Tuesday, November 10, 2015

Violence On The Playing Field

 
Yeshiva bochrim in Israel who spend all week studying Toras Hashem, middos tovos, davening and working on themselves, go out on Fridays and Motzei Shabbosos and play a quite violent game [so I am told - I have never seen one] of flag football. This is disturbing given the reality that to push and shove another human being flies in the face of the gentle and sweet comportment that the Torah tries to impart to us. There are multiple injuries every week on the playing field [I remember one boy about my age got his nose rammed up into his brain רח"ל].
 
If this post stops one boy from playing a violent sport or from watching one - והיה זה שכרי. I am not against fun or exercise. I am against intentionally causing pain to another human being....   
 
 
Clyde Haberman - New York Times
 
The sweet science. That was the lofty sobriquet assigned to boxing long ago by devoted followers with a romantic flair. But there came a time when the fight game’s hold on the American spirit began to loosen, when it stood widely condemned as plain brutal.
 
Maybe the transformative moment was in 1982 when a South Korean boxer, Duk-koo Kim, died after taking a pounding from Ray Mancini in a lightweight title match. Or maybe it was back in 1962 when Emile Griffith beat Benny Paret into a fatal coma during a welterweight title fight. Perhaps the moment arrived earlier yet with works like “The Harder They Fall,” a 1947 Budd Schulberg novel and 1956 film that depicted the boxing world as a swamp of crooked managers, mobbed-up promoters and blood-lusting fans. Even Hemingway, who dearly embraced the so-called manly art of self-defense, acknowledged its ruinous potential in “The Battler,” a 1925 short story revolving around a broken-down punch-drunk pug.
 
Two months later, in January 1983, the Journal of the American Medical Association denounced
 boxing as “an obscenity” and said it should be outlawed. “Boxing, as a throwback to uncivilized man, should not be sanctioned by any civilized society,” wrote the journal’s editor, Dr. George Lundberg. Also in the early ’80s, the American Academy of Pediatrics urged that boxing be eliminated from sports programs for children and young adults, and the World Medical Association, based in France, recommended banning the sport everywhere.
At the United States Military Academy, boxing has been an academic requirement and a rite of passage for more than a century. Yet there, too, some have begun to ask if character-building might be promoted through methods other than cadets’ punching one another repeatedly in the head — with some suffering concussions.
 
Not that the abolitionists have prevailed in this country or almost any other. In fact, some of the few nations that had at one point imposed bans — like Sweden, Cuba and Norway — reversed themselves in the last few years. Defenders of the sport insist that, yes, it is a sweet science, a test of skill, stamina and strategy and not merely a slugfest. A sport akin to boxing, mixed martial arts, has grown in popularity, banned in this country only in New York State.

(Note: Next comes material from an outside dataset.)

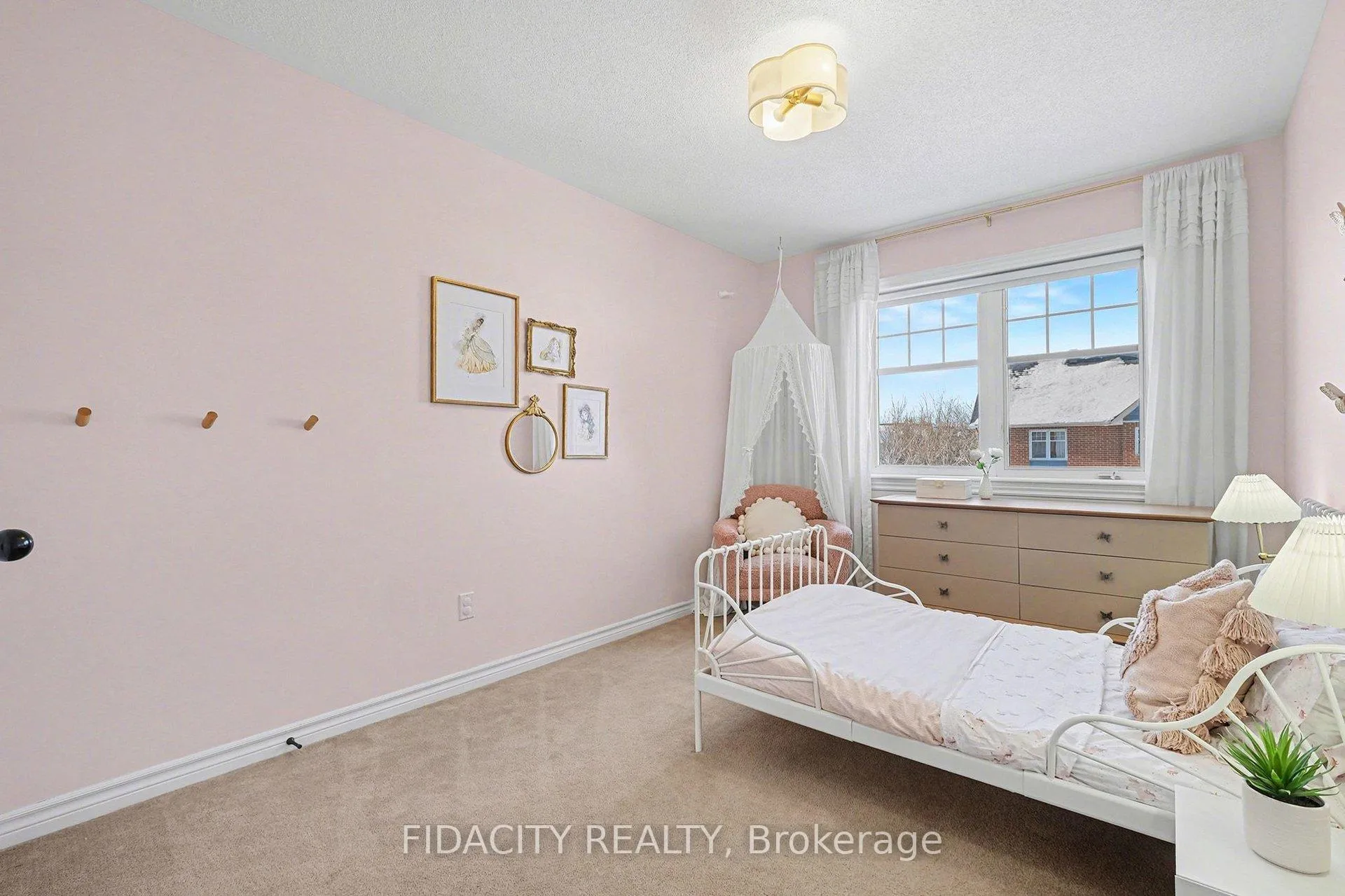 Photo 20 of 291 Horseshoe Crescent, Ottawa, Stittsville (North) — HOMEH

Even so, the vaunted prizefighting of old is on the ropes. News media attention tends to be scant. Major bouts, such as they are, are consigned to pay-per-view showings. Once in a while, a fighter comes along to stir excitement, a Floyd Mayweather Jr. or a Manny Pacquiao, but that’s the exception. The professional ranks today are mired in a bewildering array of weight divisions — 17, where once there were eight — and in an alphabet soup of multiple sanctioning organizations.
 
Among the questions is whether football players — well padded and practically faceless under their helmets and visors — are inclined to whack one another hard precisely because they are encased in so much protective gear. Some even have helmets and shoulder pads made with Kevlar, the superstrong fiber used in bullet-resistant vests. In a related rough-and-tumble sport, rugby, players wear no comparable armor. They also do not butt heads as American footballers do. Not surprisingly, degenerative brain disease is not an overriding worry in rugby (though spinal injuries from scrums are). In women’s lacrosse, too, players wear no helmets, except for goaltenders; a consensus has formed that head protection would only encourage rougher play.
 
The dangers inherent to football are so severe that some professional players say they do not want their own sons to follow in their steps. President Obama has similarly said that if he had a son, he would not let him play pro ball.
 
At the high school level, player deaths have led some parents and schools to rethink their children’s involvement in the sport. Several schools shut down their programs, if only because they could not round up enough players to take the field. Amid growing awareness of the risks, the number of high school boys playing football has declined by 2.4 percent over the last five years, to 1.08 million, according to a survey by the National Federation of State High School Associations.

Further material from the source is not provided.